Iraq: The Devastation
By Dahr Jamail

The devastation of Iraq? Where do I start? After working 7 of the last 12
months in Iraq, I'm still overwhelmed by even the thought of trying to
describe this.

The illegal war and occupation of Iraq was waged for three reasons,
according to the Bush administration. First for weapons of mass
destruction, which have yet to be found. Second, because the regime of
Saddam Hussein had links to al-Qaeda, which Mr. Bush has personally
admitted have never been proven. The third reason -- embedded in the very
name of the invasion, Operation Iraqi Freedom -- was to liberate the Iraqi
people.

So Iraq is now a liberated country.

I've been in liberated Baghdad and environs on and off for 12 months,
including being inside Fallujah during the April siege and having warning
shots fired over my head more than once by soldiers. I've traveled in the
south, north, and extensively around central Iraq. What I saw in the first
months of 2004, however, when it was easier for a foreign reporter to
travel the country, offered a powerful -- even predictive -- taste of the
horrors to come in the rest of the year (and undoubtedly in 2005 as well).
It's worth returning to the now forgotten first half of last year and
remembering just how terrible things were for Iraqis even relatively early
in our occupation of their country.

Then, as now, for Iraqis, our invasion and occupation was a case of
liberation from -- from human rights (think: the atrocities committed in
Abu Ghraib which are still occurring daily there and elsewhere);
liberation from functioning infrastructure (think: the malfunctioning
electric system, the many-mile long gas lines, the raw sewage in the
streets); liberation from an entire city to live in (think: Fallujah, most
of which has by now been flattened by aerial bombardment and other means).

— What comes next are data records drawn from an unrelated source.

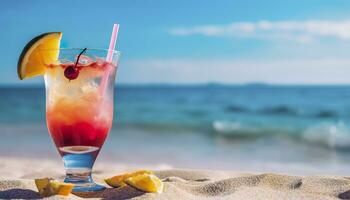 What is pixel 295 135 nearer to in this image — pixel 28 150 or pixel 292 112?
pixel 28 150

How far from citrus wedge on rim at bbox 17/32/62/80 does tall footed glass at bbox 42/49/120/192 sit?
0.04m

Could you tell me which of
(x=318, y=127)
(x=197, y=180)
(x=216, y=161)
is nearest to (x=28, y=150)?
(x=216, y=161)

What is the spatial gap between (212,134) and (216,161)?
4.43 m

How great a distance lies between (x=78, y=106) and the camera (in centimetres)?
266

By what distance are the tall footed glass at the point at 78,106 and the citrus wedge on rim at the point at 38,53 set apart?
4cm

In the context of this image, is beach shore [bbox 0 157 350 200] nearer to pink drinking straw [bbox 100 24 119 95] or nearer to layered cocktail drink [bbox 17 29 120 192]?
layered cocktail drink [bbox 17 29 120 192]

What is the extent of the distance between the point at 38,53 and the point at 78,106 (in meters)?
0.30

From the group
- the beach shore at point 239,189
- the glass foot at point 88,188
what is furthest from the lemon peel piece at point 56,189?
the glass foot at point 88,188

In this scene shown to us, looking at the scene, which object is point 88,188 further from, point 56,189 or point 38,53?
point 38,53

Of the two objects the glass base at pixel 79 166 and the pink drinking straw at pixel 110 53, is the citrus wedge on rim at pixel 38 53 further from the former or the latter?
the glass base at pixel 79 166

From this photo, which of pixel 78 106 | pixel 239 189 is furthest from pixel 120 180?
pixel 239 189

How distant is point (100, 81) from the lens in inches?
106

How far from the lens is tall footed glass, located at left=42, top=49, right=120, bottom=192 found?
8.71 ft

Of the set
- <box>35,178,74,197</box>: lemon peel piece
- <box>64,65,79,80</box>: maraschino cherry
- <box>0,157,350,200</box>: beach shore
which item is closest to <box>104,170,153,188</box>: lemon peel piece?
<box>0,157,350,200</box>: beach shore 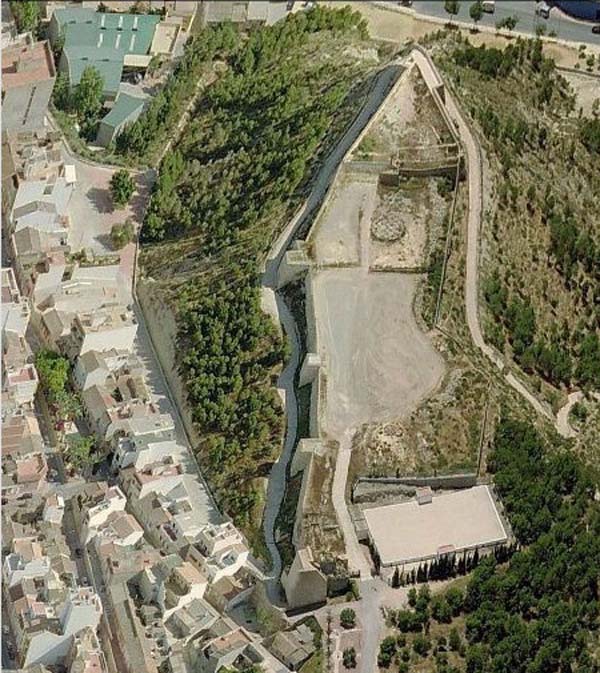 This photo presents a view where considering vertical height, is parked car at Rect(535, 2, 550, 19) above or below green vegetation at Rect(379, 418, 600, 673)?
above

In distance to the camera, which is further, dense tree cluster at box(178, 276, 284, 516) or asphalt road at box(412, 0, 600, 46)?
asphalt road at box(412, 0, 600, 46)

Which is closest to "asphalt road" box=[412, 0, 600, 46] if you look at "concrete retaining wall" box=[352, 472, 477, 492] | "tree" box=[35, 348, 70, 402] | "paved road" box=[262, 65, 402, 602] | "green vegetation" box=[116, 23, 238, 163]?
"green vegetation" box=[116, 23, 238, 163]

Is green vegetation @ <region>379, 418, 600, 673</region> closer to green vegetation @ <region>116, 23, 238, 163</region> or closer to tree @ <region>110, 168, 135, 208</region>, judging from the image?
tree @ <region>110, 168, 135, 208</region>

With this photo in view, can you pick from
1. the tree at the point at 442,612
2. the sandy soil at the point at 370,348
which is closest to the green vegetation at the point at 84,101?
the sandy soil at the point at 370,348

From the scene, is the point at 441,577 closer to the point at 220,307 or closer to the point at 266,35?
the point at 220,307

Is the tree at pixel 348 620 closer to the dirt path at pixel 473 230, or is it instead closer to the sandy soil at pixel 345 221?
the dirt path at pixel 473 230

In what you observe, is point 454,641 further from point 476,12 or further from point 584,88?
point 476,12

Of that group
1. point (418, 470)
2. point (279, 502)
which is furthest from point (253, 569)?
point (418, 470) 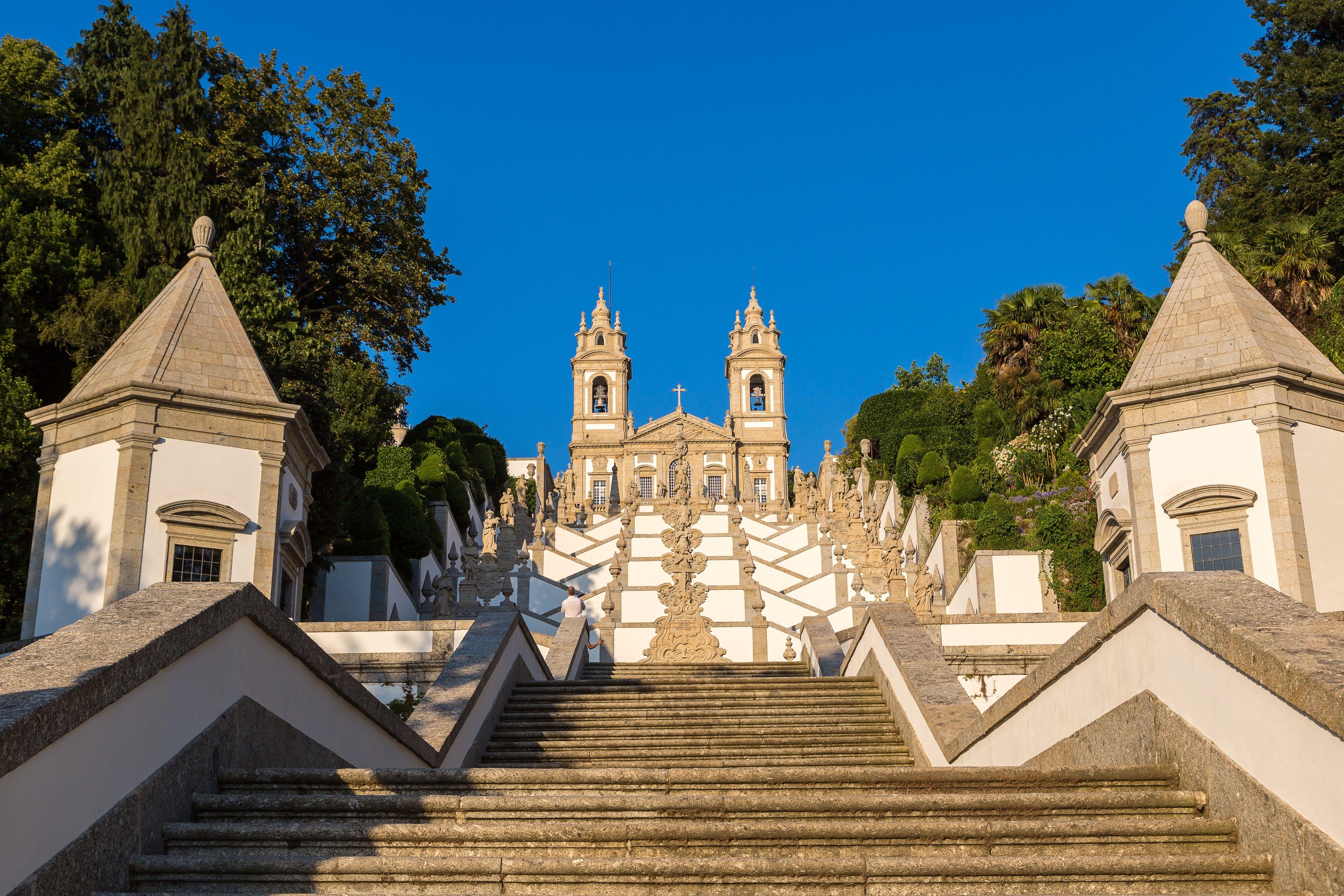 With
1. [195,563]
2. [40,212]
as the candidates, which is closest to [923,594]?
[195,563]

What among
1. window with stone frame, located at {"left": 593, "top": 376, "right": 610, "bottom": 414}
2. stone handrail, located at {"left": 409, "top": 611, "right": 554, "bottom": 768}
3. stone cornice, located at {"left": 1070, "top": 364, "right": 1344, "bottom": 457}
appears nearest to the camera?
stone handrail, located at {"left": 409, "top": 611, "right": 554, "bottom": 768}

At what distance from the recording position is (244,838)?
4.56m

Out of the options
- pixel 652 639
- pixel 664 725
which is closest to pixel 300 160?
pixel 652 639

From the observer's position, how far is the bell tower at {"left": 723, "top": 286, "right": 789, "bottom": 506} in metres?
77.5

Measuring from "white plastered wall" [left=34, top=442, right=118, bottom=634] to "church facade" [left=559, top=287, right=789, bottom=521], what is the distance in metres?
55.6

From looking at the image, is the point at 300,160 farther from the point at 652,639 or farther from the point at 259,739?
the point at 259,739

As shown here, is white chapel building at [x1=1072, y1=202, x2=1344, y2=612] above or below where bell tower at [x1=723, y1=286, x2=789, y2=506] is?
below

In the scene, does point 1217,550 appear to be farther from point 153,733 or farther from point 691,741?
point 153,733

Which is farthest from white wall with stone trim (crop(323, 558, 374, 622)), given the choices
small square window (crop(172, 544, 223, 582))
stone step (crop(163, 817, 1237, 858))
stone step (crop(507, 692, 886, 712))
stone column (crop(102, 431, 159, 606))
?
stone step (crop(163, 817, 1237, 858))

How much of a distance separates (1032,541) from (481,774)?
2038cm

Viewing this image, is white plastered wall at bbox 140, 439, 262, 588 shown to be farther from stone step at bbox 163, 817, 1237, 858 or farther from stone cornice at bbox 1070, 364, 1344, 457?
stone cornice at bbox 1070, 364, 1344, 457

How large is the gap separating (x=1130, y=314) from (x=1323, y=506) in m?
14.6

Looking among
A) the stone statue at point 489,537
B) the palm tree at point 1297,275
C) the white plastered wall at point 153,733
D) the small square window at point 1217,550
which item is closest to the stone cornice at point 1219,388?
the small square window at point 1217,550

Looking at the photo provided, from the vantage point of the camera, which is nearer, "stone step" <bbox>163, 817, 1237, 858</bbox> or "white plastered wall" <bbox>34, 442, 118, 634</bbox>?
"stone step" <bbox>163, 817, 1237, 858</bbox> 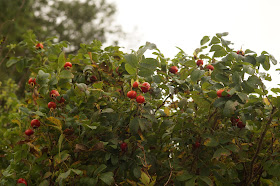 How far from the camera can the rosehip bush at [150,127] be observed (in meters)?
1.61

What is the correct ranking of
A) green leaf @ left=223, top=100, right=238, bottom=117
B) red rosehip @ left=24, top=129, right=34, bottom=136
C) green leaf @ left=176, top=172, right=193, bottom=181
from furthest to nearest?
red rosehip @ left=24, top=129, right=34, bottom=136 → green leaf @ left=176, top=172, right=193, bottom=181 → green leaf @ left=223, top=100, right=238, bottom=117

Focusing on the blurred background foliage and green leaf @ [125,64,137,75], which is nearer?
green leaf @ [125,64,137,75]

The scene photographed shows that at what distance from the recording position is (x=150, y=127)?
1.68 m

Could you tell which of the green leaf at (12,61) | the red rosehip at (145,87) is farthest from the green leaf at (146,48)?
the green leaf at (12,61)

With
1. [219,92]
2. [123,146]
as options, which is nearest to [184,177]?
[123,146]

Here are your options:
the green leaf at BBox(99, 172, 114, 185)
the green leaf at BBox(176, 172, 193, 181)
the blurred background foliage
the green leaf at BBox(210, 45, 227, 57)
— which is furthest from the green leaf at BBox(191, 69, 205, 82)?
the blurred background foliage

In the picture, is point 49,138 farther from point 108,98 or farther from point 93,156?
point 108,98

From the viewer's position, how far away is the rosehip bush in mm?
1613

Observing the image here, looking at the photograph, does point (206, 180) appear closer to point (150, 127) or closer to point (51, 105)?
point (150, 127)

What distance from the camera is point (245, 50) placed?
172cm

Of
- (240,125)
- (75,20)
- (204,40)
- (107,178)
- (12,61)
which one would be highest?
(75,20)

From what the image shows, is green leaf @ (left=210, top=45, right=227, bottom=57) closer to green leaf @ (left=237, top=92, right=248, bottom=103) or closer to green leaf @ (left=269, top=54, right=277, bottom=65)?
green leaf @ (left=269, top=54, right=277, bottom=65)

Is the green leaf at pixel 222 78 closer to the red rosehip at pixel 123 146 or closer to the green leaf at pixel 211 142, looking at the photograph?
the green leaf at pixel 211 142

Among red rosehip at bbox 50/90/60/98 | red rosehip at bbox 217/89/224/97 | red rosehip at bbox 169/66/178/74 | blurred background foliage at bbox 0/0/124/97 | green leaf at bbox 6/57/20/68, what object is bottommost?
red rosehip at bbox 50/90/60/98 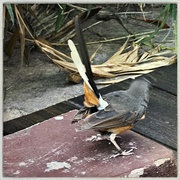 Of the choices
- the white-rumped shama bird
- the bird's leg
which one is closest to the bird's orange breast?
the white-rumped shama bird

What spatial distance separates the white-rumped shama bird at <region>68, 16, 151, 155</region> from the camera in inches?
67.5

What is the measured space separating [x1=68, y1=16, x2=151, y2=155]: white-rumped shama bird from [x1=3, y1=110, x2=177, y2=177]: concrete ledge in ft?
0.18

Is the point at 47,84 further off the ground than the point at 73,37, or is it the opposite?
the point at 73,37

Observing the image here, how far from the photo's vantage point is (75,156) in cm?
180

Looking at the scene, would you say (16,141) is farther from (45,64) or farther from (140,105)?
(45,64)

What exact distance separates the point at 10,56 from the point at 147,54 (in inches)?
20.4

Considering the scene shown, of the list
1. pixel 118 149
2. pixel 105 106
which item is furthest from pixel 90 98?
pixel 118 149

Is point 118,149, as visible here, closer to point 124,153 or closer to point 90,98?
point 124,153

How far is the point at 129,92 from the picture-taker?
185cm

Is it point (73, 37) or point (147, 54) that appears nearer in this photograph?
point (73, 37)

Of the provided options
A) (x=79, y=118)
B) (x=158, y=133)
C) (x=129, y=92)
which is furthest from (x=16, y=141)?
(x=158, y=133)

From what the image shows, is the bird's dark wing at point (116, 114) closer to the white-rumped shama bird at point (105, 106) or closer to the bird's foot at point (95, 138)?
the white-rumped shama bird at point (105, 106)

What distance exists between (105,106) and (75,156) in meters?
0.16

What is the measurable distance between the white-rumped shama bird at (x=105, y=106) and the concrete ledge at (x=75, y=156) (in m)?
0.05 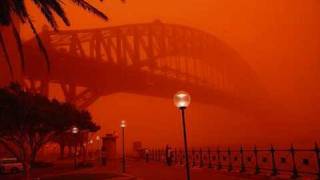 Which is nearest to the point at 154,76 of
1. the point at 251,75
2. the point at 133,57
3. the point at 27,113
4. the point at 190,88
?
the point at 133,57

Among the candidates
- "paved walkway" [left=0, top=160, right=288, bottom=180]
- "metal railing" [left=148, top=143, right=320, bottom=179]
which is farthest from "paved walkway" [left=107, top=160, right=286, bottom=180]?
"metal railing" [left=148, top=143, right=320, bottom=179]

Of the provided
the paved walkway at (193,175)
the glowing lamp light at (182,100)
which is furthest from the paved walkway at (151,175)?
the glowing lamp light at (182,100)

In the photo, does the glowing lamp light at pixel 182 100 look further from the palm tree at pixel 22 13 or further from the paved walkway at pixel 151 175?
the paved walkway at pixel 151 175

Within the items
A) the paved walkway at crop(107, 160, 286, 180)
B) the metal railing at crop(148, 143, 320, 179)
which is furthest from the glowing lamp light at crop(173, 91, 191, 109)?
the paved walkway at crop(107, 160, 286, 180)

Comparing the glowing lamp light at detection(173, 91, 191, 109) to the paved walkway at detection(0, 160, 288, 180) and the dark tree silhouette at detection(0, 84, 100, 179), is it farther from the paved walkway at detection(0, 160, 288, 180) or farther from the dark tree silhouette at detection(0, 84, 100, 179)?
the dark tree silhouette at detection(0, 84, 100, 179)

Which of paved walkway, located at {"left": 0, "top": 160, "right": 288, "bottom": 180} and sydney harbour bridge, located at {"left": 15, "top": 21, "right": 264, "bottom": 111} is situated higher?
sydney harbour bridge, located at {"left": 15, "top": 21, "right": 264, "bottom": 111}

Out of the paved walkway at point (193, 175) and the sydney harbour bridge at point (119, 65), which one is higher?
the sydney harbour bridge at point (119, 65)

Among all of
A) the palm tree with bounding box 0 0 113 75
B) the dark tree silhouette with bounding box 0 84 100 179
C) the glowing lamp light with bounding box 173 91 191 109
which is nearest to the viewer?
the palm tree with bounding box 0 0 113 75

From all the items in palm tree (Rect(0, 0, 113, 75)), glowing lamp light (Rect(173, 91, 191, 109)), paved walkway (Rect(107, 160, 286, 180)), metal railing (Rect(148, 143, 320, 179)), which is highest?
palm tree (Rect(0, 0, 113, 75))

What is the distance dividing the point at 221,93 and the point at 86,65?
92.0 feet

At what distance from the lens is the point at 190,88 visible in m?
53.4

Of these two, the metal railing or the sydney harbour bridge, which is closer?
the metal railing

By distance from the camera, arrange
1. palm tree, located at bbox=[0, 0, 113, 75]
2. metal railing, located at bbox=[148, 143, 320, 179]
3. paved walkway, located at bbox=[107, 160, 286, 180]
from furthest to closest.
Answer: paved walkway, located at bbox=[107, 160, 286, 180] → metal railing, located at bbox=[148, 143, 320, 179] → palm tree, located at bbox=[0, 0, 113, 75]

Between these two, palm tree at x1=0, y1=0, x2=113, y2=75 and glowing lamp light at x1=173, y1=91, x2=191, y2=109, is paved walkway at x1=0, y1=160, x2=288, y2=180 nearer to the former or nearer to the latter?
glowing lamp light at x1=173, y1=91, x2=191, y2=109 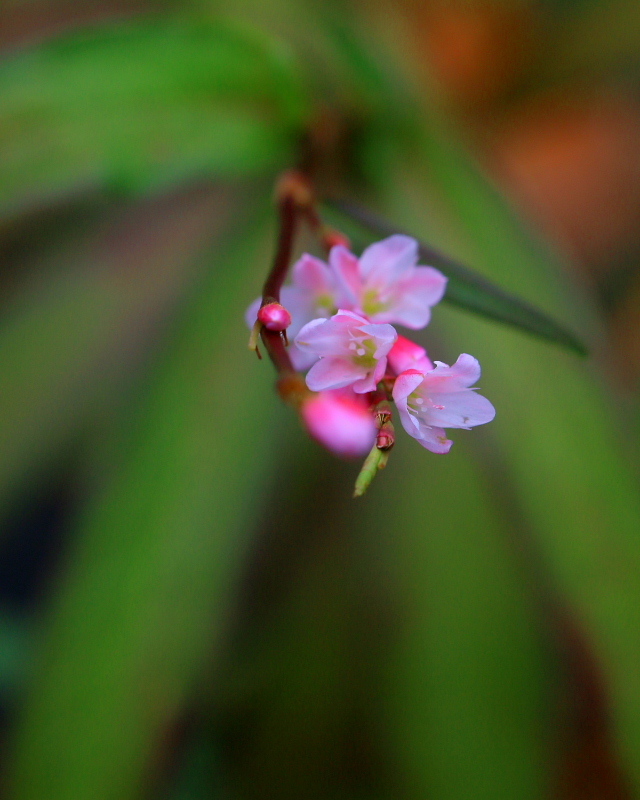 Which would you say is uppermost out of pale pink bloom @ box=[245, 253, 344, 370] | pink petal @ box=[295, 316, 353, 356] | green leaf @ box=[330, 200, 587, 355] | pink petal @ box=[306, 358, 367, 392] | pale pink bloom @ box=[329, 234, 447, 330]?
green leaf @ box=[330, 200, 587, 355]

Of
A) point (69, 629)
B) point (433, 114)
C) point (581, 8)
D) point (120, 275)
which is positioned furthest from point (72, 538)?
point (581, 8)

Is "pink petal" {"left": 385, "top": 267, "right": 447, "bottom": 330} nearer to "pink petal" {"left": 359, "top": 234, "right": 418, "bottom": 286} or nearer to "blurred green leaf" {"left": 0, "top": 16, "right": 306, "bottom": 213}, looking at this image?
"pink petal" {"left": 359, "top": 234, "right": 418, "bottom": 286}

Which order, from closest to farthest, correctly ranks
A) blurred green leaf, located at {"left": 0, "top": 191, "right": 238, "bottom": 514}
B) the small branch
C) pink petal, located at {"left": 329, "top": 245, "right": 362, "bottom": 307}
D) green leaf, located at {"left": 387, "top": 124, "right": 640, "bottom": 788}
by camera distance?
the small branch → pink petal, located at {"left": 329, "top": 245, "right": 362, "bottom": 307} → green leaf, located at {"left": 387, "top": 124, "right": 640, "bottom": 788} → blurred green leaf, located at {"left": 0, "top": 191, "right": 238, "bottom": 514}

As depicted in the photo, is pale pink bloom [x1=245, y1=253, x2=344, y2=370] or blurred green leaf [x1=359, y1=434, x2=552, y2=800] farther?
blurred green leaf [x1=359, y1=434, x2=552, y2=800]

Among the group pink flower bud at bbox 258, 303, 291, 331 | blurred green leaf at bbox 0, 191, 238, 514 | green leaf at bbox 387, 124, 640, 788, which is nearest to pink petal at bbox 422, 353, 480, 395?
pink flower bud at bbox 258, 303, 291, 331

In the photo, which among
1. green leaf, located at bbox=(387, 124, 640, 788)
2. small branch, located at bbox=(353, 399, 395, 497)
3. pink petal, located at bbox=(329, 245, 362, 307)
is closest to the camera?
small branch, located at bbox=(353, 399, 395, 497)

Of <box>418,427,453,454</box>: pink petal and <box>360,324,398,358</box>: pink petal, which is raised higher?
<box>360,324,398,358</box>: pink petal

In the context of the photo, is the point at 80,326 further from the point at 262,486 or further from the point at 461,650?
the point at 461,650

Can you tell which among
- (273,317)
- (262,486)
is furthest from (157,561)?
(273,317)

Iraqis were then already bitter, confused, and existing amid a desolation
that came from myriads of Bush administration broken promises. Quite
literally every liberated Iraqi I've gotten to know from my earliest days
in the country has either had a family member or a friend killed by U.S.
soldiers or from the effects of the war/occupation. These include such
everyday facts of life as not having enough money for food or fuel due to
massive unemployment and soaring energy prices, or any of the countless
other horrors caused by the aforementioned. The broken promises, broken
infrastructure, and broken cities of Iraq were plainly visible in those
early months of 2004 -- and the sad thing is that the devastation I saw
then has only grown worse since. The life Iraqis were living a year ago,
horrendous as it was, was but a prelude to what was to come under the U.S.
occupation. The warning signs were clear from a shattered infrastructure,
to all the torturing, to a burgeoning, violent resistance.


Broken Promises

It was quickly apparent, even to a journalistic newcomer, even in those
first months of last year that the real nature of the liberation we
brought to Iraq was no news to Iraqis. Long before the American media
decided it was time to report on the horrendous actions occurring inside
Abu Ghraib prison, most Iraqis already knew that the "liberators" of their
country were torturing and humiliating their countrymen.

In December 2003, for instance, a man in Baghdad, speaking of the Abu
Ghraib atrocities, said to me, "Why do they use these actions? Even Saddam
Hussein did not do that! This is not good behavior. They are not coming to
liberate Iraq!" And by then the bleak jokes of the beleaguered had already
begun to circulate. In the dark humor that has become so popular in
Baghdad these days, one recently released Abu Ghraib detainee I
interviewed said, "The Americans brought electricity to my ass before they
brought it to my house!"

Sadiq Zoman is fairly typical of what I've seen. Taken from his home in
Kirkuk in July, 2003, he was held in a military detention facility near
Tikrit before being dropped off comatose at the Salahadin General Hospital
by U.S. forces one month later. While the medical report accompanying him,
signed by Lt. Col. Michael Hodges, stated that Mr. Zoman was comatose due
to a heart attack brought on by heat stroke, it failed to mention that his
head had been bludgeoned, or to note the electrical burn marks that
scorched his penis and the bottoms of his feet, or the bruises and
whip-like marks up and down his body.

I visited his wife Hashmiya and eight daughters in a nearly empty home in
Baghdad. Its belongings had largely been sold on the black market to keep
them all afloat. A fan twirled slowly over the bed as Zoman stared blankly
at the ceiling. A small back-up generator hummed outside, as this
neighborhood, like most of Baghdad, averaged only six hours of electricity
per day.

Her daughter Rheem, who is in college, voiced the sentiments of the entire
family when she said, "I hate the Americans for doing this. When they took
my father they took my life. I pray for revenge on the Americans for
destroying my father, my country, and my life."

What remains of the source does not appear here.